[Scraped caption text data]
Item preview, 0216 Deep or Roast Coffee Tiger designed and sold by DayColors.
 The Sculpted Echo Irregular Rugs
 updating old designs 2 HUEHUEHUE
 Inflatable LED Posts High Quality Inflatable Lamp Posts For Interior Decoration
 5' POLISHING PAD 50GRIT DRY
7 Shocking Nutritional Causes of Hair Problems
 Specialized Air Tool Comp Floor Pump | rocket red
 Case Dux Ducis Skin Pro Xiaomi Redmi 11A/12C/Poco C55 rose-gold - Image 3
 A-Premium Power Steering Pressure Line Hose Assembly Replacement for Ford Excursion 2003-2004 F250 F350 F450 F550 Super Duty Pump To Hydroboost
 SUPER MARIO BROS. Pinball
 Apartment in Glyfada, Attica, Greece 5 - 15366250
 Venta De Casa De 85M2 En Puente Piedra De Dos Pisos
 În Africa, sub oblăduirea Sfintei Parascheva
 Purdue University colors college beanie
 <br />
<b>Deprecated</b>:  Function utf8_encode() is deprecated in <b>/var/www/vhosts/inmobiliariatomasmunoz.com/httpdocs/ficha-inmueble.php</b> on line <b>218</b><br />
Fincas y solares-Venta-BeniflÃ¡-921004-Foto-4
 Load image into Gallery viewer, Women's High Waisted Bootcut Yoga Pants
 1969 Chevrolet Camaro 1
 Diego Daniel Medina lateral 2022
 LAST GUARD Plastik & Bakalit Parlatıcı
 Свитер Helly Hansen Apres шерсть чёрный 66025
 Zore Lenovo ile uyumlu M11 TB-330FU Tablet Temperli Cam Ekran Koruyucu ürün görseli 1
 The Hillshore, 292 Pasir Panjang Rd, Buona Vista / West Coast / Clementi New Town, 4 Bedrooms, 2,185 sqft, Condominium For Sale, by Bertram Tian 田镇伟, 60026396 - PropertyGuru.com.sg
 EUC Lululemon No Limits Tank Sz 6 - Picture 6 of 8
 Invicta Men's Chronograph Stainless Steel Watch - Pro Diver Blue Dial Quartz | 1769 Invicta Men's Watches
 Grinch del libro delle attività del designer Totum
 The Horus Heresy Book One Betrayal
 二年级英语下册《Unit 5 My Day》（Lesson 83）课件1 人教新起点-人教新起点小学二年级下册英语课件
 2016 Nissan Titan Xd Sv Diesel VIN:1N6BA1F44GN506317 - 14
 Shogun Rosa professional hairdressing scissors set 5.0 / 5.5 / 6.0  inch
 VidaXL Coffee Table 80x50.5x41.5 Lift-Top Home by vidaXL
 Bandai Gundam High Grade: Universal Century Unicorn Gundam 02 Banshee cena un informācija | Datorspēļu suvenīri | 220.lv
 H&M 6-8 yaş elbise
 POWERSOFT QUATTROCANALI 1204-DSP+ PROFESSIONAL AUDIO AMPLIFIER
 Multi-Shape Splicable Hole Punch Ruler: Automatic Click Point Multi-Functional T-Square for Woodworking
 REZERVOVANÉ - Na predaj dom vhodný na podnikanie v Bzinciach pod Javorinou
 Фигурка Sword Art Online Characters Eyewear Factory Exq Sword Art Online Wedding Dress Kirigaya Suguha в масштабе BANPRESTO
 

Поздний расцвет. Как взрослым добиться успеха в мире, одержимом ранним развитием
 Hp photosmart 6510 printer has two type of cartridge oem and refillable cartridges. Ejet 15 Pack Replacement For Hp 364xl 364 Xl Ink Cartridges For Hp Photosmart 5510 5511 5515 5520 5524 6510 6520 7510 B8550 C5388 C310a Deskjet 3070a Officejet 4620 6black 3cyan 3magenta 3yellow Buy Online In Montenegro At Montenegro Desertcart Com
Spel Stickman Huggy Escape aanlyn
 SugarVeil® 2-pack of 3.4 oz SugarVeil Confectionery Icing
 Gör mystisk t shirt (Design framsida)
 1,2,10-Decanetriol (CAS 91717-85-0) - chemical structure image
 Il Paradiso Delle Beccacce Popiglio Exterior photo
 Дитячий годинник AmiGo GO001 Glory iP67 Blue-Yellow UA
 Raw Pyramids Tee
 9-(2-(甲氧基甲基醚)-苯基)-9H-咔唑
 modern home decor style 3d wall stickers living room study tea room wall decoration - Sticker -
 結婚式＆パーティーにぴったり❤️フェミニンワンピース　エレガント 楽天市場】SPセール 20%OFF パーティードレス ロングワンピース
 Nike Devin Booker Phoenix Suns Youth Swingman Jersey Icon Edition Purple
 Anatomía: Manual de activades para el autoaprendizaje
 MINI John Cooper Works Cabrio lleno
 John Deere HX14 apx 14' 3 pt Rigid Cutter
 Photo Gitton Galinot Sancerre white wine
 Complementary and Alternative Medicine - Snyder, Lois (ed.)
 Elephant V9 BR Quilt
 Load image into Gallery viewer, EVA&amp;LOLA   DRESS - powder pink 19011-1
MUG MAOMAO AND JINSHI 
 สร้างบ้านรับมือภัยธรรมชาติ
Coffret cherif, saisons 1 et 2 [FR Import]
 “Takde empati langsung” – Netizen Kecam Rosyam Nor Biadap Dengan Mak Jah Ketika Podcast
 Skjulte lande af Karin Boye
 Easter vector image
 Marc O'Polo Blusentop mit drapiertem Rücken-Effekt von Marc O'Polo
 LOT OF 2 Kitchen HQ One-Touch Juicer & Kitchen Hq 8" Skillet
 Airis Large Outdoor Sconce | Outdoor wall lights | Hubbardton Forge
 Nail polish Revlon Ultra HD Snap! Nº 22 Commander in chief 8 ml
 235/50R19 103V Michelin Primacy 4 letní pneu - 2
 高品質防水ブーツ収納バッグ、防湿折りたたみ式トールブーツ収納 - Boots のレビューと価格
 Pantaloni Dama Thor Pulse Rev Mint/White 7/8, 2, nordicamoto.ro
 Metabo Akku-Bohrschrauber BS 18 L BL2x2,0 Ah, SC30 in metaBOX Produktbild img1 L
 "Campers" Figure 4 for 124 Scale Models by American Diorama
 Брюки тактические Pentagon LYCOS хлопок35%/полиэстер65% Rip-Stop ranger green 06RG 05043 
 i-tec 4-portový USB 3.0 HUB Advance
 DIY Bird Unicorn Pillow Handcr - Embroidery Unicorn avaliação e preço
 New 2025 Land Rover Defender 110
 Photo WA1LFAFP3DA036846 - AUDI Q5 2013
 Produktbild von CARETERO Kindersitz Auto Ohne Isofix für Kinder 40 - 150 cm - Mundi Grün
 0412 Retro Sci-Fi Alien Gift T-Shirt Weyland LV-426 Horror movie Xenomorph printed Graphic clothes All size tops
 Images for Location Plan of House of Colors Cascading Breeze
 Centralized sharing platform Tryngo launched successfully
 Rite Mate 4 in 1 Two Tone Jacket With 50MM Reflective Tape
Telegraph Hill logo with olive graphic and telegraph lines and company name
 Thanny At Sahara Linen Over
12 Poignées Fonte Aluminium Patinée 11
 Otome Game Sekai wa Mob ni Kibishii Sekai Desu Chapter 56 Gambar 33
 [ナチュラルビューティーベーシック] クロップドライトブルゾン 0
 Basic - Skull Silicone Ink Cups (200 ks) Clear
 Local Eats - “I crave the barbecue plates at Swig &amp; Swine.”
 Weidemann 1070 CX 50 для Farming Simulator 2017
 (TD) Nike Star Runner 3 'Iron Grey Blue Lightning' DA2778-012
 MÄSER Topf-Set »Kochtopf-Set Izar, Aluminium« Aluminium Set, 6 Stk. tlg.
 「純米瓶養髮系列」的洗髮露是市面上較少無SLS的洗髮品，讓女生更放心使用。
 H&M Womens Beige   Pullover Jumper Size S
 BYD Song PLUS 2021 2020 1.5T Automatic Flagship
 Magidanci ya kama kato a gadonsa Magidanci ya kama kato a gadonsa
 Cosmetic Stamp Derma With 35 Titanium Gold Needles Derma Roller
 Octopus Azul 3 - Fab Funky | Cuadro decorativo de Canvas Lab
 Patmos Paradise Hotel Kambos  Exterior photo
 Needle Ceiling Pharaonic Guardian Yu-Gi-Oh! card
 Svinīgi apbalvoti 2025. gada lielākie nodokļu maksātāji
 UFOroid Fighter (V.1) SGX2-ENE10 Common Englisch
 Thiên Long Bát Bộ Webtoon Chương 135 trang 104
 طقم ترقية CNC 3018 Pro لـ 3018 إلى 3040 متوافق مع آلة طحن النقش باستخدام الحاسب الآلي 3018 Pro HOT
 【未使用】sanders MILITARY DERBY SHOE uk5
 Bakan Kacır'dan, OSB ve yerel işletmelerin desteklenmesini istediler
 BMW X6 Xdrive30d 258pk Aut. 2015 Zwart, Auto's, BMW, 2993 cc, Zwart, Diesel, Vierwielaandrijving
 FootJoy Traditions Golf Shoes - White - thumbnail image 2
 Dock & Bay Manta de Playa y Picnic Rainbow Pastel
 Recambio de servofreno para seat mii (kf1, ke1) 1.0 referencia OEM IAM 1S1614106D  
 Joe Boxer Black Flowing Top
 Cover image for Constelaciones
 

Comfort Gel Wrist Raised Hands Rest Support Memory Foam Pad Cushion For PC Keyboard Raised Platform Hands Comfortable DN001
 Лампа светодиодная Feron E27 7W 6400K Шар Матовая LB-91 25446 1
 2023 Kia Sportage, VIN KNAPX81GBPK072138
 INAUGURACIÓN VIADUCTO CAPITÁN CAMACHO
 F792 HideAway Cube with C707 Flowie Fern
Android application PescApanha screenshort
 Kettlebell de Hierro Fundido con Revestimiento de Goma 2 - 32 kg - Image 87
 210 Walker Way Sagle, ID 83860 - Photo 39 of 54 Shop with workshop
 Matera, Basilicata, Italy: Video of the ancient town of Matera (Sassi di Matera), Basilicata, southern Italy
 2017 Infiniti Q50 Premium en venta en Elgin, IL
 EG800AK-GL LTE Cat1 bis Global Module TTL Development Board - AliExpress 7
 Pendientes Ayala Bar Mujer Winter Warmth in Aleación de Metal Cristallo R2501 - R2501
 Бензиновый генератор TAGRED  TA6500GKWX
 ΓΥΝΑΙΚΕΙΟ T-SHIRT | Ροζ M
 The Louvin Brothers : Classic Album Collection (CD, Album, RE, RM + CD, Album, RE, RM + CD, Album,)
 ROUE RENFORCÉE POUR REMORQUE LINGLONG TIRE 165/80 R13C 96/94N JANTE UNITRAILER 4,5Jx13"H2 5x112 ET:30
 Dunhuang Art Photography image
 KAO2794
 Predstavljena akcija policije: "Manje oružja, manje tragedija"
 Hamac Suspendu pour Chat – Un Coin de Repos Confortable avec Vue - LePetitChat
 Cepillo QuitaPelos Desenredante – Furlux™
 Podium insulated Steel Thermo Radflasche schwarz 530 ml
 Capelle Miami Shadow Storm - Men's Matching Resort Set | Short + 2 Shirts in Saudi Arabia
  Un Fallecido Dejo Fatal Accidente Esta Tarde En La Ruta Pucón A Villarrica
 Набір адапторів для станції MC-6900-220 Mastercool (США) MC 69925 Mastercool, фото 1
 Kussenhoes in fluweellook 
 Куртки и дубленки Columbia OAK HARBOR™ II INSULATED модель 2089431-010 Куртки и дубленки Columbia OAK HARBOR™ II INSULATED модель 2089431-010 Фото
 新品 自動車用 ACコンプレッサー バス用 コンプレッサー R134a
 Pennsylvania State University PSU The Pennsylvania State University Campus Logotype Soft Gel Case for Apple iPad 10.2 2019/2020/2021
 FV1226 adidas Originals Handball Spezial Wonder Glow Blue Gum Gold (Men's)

▶ **Problem description**
Given the records above, reproduce precisely and only the lines between the line holding "二年级英语下册《Unit 5 My" and the line holding "REZERVOVANÉ - Na", inclusive.

▶ **Exercise output**
 二年级英语下册《Unit 5 My Day》（Lesson 83）课件1 人教新起点-人教新起点小学二年级下册英语课件
 2016 Nissan Titan Xd Sv Diesel VIN:1N6BA1F44GN506317 - 14
 Shogun Rosa professional hairdressing scissors set 5.0 / 5.5 / 6.0  inch
 VidaXL Coffee Table 80x50.5x41.5 Lift-Top Home by vidaXL
 Bandai Gundam High Grade: Universal Century Unicorn Gundam 02 Banshee cena un informācija | Datorspēļu suvenīri | 220.lv
 H&M 6-8 yaş elbise
 POWERSOFT QUATTROCANALI 1204-DSP+ PROFESSIONAL AUDIO AMPLIFIER
 Multi-Shape Splicable Hole Punch Ruler: Automatic Click Point Multi-Functional T-Square for Woodworking
 REZERVOVANÉ - Na predaj dom vhodný na podnikanie v Bzinciach pod Javorinou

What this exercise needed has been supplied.